> _Exercise data_:
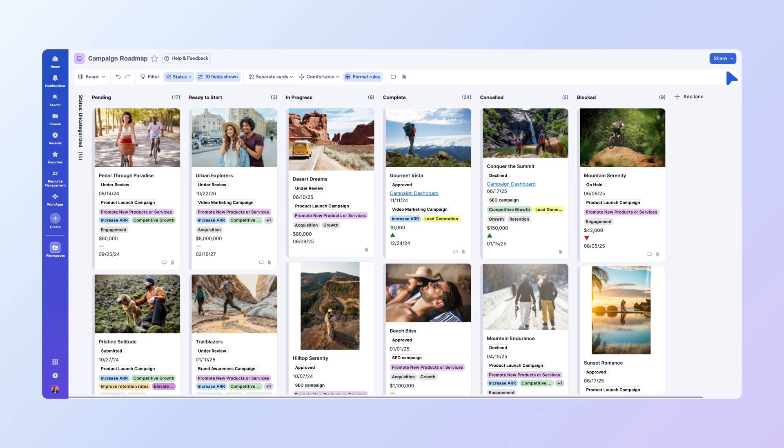As you prepare for your quarterly review meeting, you'll find BoardView's powerful filtering options essential. You can create new filters based on any column in your sheet or use saved filters to customize your view. For instance, to see only campaigns in the current fiscal year, select the filter icon in the toolbar.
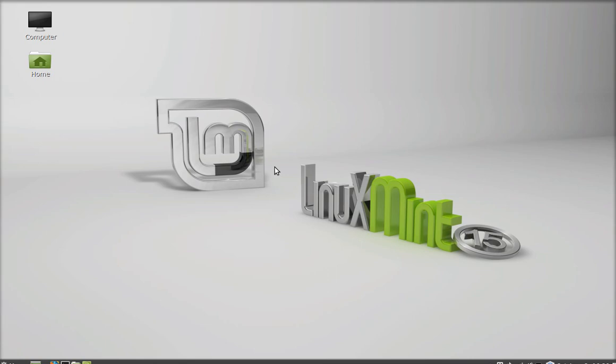Hello friends. In this video I will talk about Ubuntu restricted extras for Linux Mint.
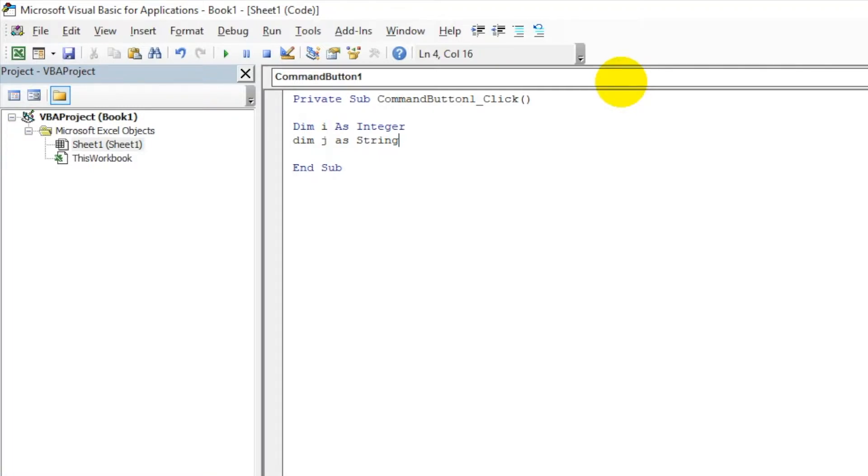What we're telling the programming language is that we're declaring I as an integer, so we can store integer values like 1, 2, 3, 4, 5—the numbers in I. We can store string in J, so it can have alphanumeric values or a name or anything like that.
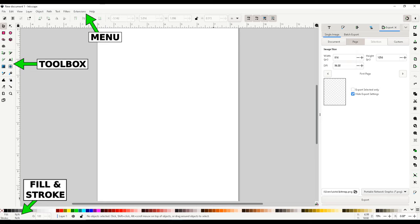With an object selected, click on the color palette and it will be filled with that color. If you hold shift and click on a color, the stroke will be that color. The bottom left will reflect your colors.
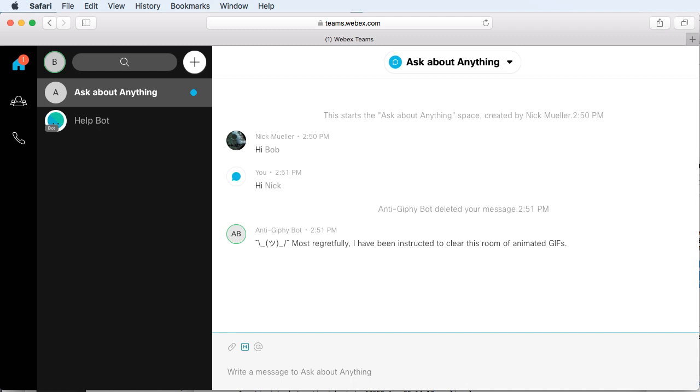But it works great for spaces that are for your internal company use, for example, and as you can see, does the job of getting rid of those annoying animated GIFs quite handily. Thank you for your time.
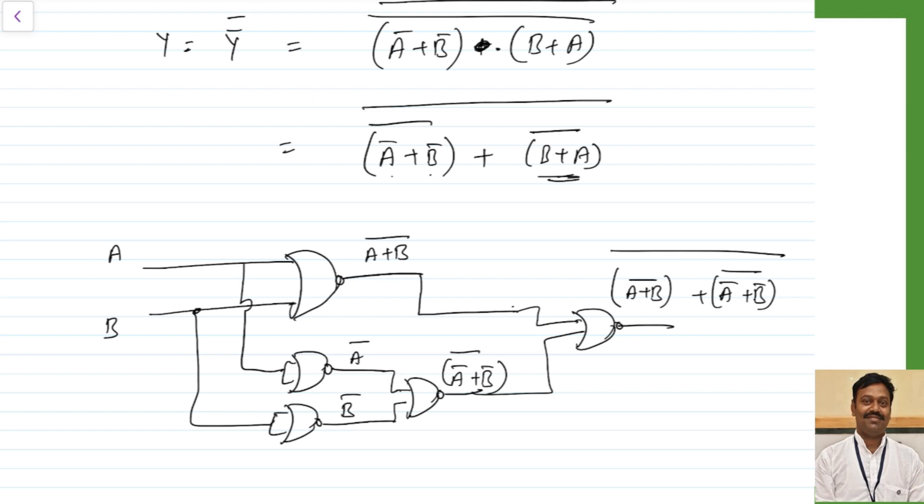In a similar way you can implement the XNOR gate as well — just take the expression and convert it to addition form for NOR gate implementation or product form for NAND gate implementation. I hope this is clear. If you still have any queries, please leave your comments in the comment section below and I will answer them. Thank you very much.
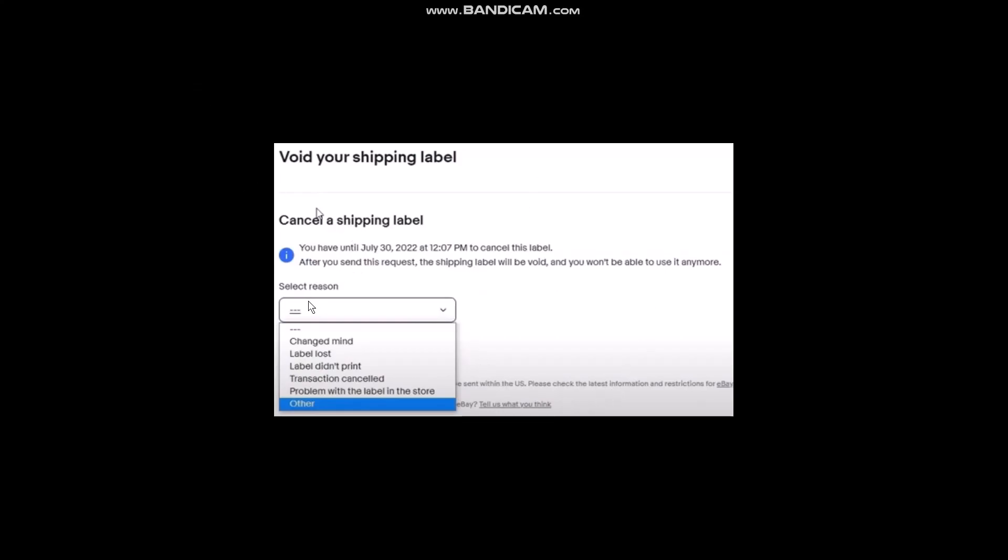All you gotta do here is select a reason - either you can change your mind, label lost, and so on. Select a reason that is suitable for you.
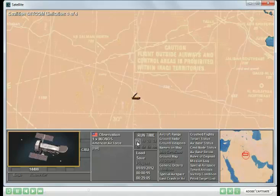The second missile site was actually moving, and so although we knew where it was as long as we could observe it, once the satellite passed on the second missile site then became unknown to us.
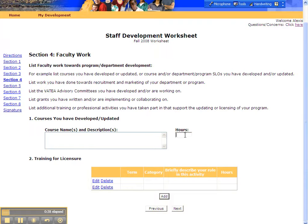Make sure, once again, that you type in the number of hours that you'd like to get credit for. Below this, we've included an area for you to include activities that you have participated in that contribute to your ability to maintain your license or licensing for your department.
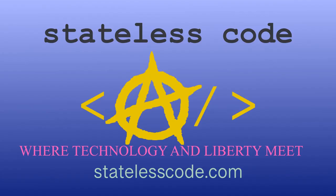Thanks for watching this Stateless Codecast. Be sure to like, comment, subscribe and spread the word. You can follow us on social media at Stateless Code. Until next time, keep coding and don't aggress against peaceful people or vote for others to do so on your behalf.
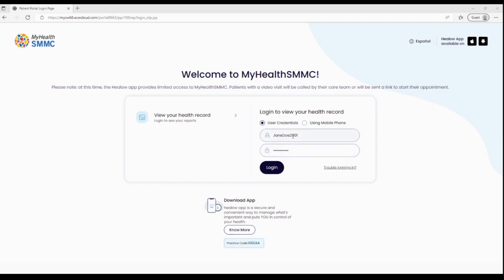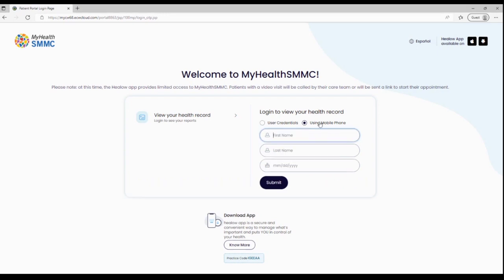If you don't know your username or password or have trouble logging in, there is a mobile phone option here. By clicking the radio button, I can put in my first name, last name, and date of birth and click submit. A text will come to your phone based off the mobile phone setup in your account with San Mateo. It will give you a temporary password to log into the Patient Portal.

> _Work to complete_: Print the material again word for word. Please drop every picture.

> _Task solution_:
As you prepare for your quarterly review meeting, you'll find BoardView's powerful filtering options essential. You can create new filters based on any column in your sheet or use saved filters to customize your view. For instance, to see only campaigns in the current fiscal year, select the filter icon in the toolbar.
Hello friends. In this video I will talk about Ubuntu restricted extras for Linux Mint.
What we're telling the programming language is that we're declaring I as an integer, so we can store integer values like 1, 2, 3, 4, 5—the numbers in I. We can store string in J, so it can have alphanumeric values or a name or anything like that.
With an object selected, click on the color palette and it will be filled with that color. If you hold shift and click on a color, the stroke will be that color. The bottom left will reflect your colors.
But it works great for spaces that are for your internal company use, for example, and as you can see, does the job of getting rid of those annoying animated GIFs quite handily. Thank you for your time.
In a similar way you can implement the XNOR gate as well — just take the expression and convert it to addition form for NOR gate implementation or product form for NAND gate implementation. I hope this is clear. If you still have any queries, please leave your comments in the comment section below and I will answer them. Thank you very much.
All you gotta do here is select a reason - either you can change your mind, label lost, and so on. Select a reason that is suitable for you.
The second missile site was actually moving, and so although we knew where it was as long as we could observe it, once the satellite passed on the second missile site then became unknown to us.
Make sure, once again, that you type in the number of hours that you'd like to get credit for. Below this, we've included an area for you to include activities that you have participated in that contribute to your ability to maintain your license or licensing for your department.
Thanks for watching this Stateless Codecast. Be sure to like, comment, subscribe and spread the word. You can follow us on social media at Stateless Code. Until next time, keep coding and don't aggress against peaceful people or vote for others to do so on your behalf.
If you don't know your username or password or have trouble logging in, there is a mobile phone option here. By clicking the radio button, I can put in my first name, last name, and date of birth and click submit. A text will come to your phone based off the mobile phone setup in your account with San Mateo. It will give you a temporary password to log into the Patient Portal.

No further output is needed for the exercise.